- WHAT NEEDS TO BE DONE -
Scan the entries below for the word "trim" and copy every line in which it occurs.

* * *

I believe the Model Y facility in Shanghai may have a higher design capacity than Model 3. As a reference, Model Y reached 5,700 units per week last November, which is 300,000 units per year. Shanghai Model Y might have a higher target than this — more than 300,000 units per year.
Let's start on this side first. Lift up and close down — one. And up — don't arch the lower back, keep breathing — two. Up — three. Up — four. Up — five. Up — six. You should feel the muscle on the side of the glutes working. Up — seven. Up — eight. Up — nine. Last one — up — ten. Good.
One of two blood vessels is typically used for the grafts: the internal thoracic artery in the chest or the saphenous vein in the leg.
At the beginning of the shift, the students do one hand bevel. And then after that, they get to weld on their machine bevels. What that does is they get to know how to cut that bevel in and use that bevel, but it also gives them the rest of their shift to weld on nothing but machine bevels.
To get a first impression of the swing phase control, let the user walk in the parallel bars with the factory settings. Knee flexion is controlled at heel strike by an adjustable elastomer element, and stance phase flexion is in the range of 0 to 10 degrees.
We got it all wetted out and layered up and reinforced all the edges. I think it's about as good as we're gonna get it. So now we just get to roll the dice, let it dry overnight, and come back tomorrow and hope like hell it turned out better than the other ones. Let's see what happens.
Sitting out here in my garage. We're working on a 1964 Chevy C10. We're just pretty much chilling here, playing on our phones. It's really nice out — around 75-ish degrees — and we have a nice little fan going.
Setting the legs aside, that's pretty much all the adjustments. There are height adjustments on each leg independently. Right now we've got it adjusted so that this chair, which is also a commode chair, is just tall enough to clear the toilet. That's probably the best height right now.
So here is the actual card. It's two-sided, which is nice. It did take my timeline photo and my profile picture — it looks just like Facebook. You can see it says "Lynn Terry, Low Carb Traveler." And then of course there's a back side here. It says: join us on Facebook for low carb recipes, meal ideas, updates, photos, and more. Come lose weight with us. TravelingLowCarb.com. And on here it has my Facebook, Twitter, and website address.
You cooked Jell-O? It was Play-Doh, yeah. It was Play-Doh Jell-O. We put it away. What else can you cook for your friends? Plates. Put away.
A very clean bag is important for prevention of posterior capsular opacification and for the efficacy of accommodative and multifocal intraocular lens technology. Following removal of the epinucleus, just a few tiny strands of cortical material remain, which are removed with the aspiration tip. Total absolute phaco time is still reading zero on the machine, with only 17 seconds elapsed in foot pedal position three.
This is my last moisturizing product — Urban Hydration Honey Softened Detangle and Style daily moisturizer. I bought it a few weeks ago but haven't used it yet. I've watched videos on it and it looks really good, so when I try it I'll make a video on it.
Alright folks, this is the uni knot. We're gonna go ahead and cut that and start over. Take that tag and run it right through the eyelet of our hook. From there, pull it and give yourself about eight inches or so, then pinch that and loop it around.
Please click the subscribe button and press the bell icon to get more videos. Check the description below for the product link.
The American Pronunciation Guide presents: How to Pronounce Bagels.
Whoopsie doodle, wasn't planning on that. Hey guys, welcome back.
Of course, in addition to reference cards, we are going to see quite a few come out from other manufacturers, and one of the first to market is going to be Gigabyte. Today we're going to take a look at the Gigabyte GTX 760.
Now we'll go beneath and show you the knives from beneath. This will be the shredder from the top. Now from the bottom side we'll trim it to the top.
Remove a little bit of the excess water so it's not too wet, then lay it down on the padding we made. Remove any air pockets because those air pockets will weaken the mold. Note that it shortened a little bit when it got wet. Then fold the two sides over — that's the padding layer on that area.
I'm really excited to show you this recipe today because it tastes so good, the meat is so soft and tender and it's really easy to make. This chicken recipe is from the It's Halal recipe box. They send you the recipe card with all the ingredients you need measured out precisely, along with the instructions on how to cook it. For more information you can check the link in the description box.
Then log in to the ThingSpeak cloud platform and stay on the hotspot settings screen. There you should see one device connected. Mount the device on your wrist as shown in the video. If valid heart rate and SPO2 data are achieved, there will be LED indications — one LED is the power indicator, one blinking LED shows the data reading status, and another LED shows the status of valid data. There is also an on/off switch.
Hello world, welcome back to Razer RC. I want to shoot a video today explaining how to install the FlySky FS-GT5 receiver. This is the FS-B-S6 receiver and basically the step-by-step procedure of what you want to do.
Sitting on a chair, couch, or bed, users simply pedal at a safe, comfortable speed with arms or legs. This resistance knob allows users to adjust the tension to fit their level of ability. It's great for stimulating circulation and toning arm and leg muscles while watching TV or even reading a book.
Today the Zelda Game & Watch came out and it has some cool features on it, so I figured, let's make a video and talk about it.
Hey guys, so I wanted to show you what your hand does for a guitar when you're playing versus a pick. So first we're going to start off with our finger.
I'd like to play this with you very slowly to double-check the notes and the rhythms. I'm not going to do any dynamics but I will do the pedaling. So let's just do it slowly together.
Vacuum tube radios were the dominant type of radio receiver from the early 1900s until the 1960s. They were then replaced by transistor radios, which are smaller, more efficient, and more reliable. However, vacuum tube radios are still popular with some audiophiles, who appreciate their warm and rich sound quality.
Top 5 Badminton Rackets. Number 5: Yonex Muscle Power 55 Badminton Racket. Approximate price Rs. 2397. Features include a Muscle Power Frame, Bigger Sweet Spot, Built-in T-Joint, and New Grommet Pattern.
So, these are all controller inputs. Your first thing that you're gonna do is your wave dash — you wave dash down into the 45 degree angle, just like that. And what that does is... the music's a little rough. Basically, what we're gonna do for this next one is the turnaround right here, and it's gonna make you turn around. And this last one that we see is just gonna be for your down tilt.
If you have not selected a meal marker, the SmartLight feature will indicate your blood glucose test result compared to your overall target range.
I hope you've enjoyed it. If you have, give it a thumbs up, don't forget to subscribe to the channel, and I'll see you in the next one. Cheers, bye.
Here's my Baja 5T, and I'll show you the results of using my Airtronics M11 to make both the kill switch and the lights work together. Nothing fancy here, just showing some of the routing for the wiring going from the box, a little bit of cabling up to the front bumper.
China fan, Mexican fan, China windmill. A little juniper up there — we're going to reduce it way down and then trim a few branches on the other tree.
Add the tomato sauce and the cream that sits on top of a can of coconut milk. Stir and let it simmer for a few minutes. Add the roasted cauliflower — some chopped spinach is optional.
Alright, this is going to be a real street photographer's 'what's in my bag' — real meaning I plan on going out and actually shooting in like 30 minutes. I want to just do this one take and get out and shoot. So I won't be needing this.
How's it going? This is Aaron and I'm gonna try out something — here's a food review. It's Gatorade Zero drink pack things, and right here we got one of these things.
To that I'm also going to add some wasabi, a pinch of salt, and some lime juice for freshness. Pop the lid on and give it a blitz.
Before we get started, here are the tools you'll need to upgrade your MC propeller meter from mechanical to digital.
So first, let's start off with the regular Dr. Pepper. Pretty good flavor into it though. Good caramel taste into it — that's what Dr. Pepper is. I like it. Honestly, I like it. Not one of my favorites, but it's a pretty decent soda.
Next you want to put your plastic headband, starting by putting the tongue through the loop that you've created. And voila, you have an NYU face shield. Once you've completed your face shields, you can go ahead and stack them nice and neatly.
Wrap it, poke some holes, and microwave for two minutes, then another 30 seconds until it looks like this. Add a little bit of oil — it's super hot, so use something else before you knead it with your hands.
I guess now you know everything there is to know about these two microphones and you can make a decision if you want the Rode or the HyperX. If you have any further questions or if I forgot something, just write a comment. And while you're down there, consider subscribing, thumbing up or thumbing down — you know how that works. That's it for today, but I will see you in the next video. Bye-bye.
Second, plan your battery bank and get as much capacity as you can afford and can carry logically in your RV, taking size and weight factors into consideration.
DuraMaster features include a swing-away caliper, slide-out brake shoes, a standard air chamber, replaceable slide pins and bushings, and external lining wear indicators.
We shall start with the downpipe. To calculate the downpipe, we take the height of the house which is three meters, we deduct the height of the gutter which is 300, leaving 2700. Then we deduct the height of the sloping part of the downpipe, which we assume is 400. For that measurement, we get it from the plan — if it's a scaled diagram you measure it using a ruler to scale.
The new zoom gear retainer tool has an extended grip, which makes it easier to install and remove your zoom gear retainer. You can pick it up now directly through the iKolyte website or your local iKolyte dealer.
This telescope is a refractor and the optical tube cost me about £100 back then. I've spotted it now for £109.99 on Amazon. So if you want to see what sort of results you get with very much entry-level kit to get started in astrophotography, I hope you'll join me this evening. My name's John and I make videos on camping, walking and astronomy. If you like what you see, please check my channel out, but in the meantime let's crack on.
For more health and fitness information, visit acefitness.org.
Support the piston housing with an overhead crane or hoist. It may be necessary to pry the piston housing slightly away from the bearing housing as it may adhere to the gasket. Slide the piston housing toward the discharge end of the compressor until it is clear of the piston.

* * *

- ANSWER BOX -
Now we'll go beneath and show you the knives from beneath. This will be the shredder from the top. Now from the bottom side we'll trim it to the top.
China fan, Mexican fan, China windmill. A little juniper up there — we're going to reduce it way down and then trim a few branches on the other tree.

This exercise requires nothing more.